Photo Credit: Sharon Alagna

While spending the better part of a decade on Victory Records, metallic hardcore’s preeminent label, Between the Buried and Me have always stood out among their peers. Operating in a genre that has a predilection for treading water, the progressive metal group has always pushed forward to new sonic territory. The band’s latest album, Coma Ecliptic, showcased the band’s latest evolution, paring back grinding metal passages and Tommy Giles Rogers’s guttural growling in favor of ever-progressive themes. The band recently completed tour on which they performed the new album in full and it was documented in a new DVD/BluRay release available on April 28 via their new label, Metal Blade. Bassist Dan Briggs spoke with us about the DVD release, writing and recording a follow-up to the 2015 masterpiece and giving a background on his latest project, Nova Collective.

mxdwn: With the Coma Ecliptic DVD/Blu-Ray coming out in a few weeks, can you explain what led to the decision to release a visual document of these performances?

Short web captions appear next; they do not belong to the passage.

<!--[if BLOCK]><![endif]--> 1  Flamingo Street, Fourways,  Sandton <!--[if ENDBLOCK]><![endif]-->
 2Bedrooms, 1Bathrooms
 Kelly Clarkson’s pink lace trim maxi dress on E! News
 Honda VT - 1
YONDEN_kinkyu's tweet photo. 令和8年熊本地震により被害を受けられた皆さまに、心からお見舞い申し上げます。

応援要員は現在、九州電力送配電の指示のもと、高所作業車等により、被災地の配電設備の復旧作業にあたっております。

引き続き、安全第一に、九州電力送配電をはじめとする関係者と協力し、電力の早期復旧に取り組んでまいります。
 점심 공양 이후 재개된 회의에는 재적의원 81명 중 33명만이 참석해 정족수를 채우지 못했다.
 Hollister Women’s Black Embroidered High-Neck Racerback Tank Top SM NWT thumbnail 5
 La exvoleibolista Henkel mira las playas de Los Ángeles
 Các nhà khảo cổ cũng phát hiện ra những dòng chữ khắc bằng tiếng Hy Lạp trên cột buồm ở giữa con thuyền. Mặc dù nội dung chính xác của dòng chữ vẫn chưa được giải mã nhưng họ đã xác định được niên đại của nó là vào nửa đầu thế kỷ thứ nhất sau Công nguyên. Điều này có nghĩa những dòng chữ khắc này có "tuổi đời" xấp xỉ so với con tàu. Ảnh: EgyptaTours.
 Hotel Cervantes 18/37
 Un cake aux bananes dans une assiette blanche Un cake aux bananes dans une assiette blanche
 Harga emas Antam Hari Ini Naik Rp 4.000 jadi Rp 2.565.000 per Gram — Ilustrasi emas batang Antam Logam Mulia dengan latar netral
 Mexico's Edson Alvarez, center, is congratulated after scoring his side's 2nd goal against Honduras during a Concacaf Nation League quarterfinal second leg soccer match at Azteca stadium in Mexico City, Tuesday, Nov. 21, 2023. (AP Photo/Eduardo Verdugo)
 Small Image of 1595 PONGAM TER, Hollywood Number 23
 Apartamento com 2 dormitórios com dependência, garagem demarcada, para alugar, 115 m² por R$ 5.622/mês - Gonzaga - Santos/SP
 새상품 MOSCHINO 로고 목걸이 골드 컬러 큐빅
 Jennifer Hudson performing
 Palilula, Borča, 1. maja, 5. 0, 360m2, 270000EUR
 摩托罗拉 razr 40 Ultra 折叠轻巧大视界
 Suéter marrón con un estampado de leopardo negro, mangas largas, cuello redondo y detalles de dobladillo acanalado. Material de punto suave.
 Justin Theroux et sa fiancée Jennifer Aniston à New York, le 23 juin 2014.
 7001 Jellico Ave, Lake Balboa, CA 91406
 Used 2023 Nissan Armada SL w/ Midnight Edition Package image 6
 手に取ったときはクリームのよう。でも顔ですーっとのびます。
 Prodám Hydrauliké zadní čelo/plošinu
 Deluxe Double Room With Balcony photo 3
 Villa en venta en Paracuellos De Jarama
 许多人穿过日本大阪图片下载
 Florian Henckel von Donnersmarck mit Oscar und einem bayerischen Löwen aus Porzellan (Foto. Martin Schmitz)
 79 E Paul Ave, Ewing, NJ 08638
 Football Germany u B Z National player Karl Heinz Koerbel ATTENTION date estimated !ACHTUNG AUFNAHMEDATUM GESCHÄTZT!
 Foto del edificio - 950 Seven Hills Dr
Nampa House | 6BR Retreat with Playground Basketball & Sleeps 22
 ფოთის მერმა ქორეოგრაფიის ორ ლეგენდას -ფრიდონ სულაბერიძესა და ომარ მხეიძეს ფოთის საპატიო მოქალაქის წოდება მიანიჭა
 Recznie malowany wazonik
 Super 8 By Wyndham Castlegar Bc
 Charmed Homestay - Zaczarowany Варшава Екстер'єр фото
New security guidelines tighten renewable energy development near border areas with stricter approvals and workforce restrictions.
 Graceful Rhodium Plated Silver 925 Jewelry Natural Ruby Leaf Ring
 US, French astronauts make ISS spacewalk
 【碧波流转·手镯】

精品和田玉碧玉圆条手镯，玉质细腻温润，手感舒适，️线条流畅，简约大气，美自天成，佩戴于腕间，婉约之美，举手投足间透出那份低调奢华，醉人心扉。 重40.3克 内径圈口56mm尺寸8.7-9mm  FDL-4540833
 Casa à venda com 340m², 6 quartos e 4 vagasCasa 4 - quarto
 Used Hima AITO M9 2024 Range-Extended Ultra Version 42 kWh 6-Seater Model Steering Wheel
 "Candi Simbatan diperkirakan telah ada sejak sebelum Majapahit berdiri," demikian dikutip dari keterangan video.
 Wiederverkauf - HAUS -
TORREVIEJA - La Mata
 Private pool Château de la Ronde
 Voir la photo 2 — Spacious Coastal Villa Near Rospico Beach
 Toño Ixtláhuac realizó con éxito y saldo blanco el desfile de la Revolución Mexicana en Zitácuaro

DB: It’s a nice thing because for us it wraps the two years we put into touring in support of the album, playing the songs live and the year before, writing and recording. It also helps show people all over the world the full-on show that we do, having our own lights, etcetera. We’ve never really done it outside of America, had the budget to have our light show and bring our guy.

And to see the record performed in its entirety with just the five dudes playing it. It’s kind of a different spin on what you hear when you drop the needle on the record. It’s the same content but it’s a pretty stripped down, honest representation of it.

mxdwn: What played into the decision to take Coma Ecliptic on the road with full-album performances as opposed to a more standard live set with material from the entire discography?

DB: Yeah, we had done that the whole year-and-a-half prior, touring on the record. So it was just time to play it how we wrote it, how we intended it to be heard.

mxdwn: How do you feel the video footage did in representing the live experience of a Between the Buried and Me show and in what ways?

DB: I think it turned out great and the main point that we wanted to get was we wanted to capture our lighting director Chris Hill’s show. He just put together a great, simple, kind of minimal, moody show. He fixated on the dynamics of the record and he really dug in deep with the lyrics. When Tommy makes reference to velvet and gold, in reference to life and death, [Hill] wanted to accent those moments.

It felt really good on stage. It’s probably the first time that we had a light show that felt like that on stage and wasn’t anything too flashy or anything crazy. I don’t like a lot of strobes. I don’t like when the light interferes. If I notice the lights too much it kind of bugs me, so I love when they are moody.

So that was the main thing we were trying to capture, besides us playing, and I think it came across well.

mxdwn: Were you excited to go back to playing sets that were culled from the entire Between the Buried and Me discography, or was it tough to stop playing Coma Ecliptic in full

DB: You’re always most excited to play what’s newer or more fresh, not the stuff you’ve played a hundred times. The thing that’s hard is trying to make a cohesive set out of songs that aren’t really meant to go together. We don’t like the stop-start-stop-start, we want to put together a set that has a natural ebb and flow to it like if you’re listening to a record. So that’s a challenge in putting that together; sometimes we write little transitions to segue into different keys.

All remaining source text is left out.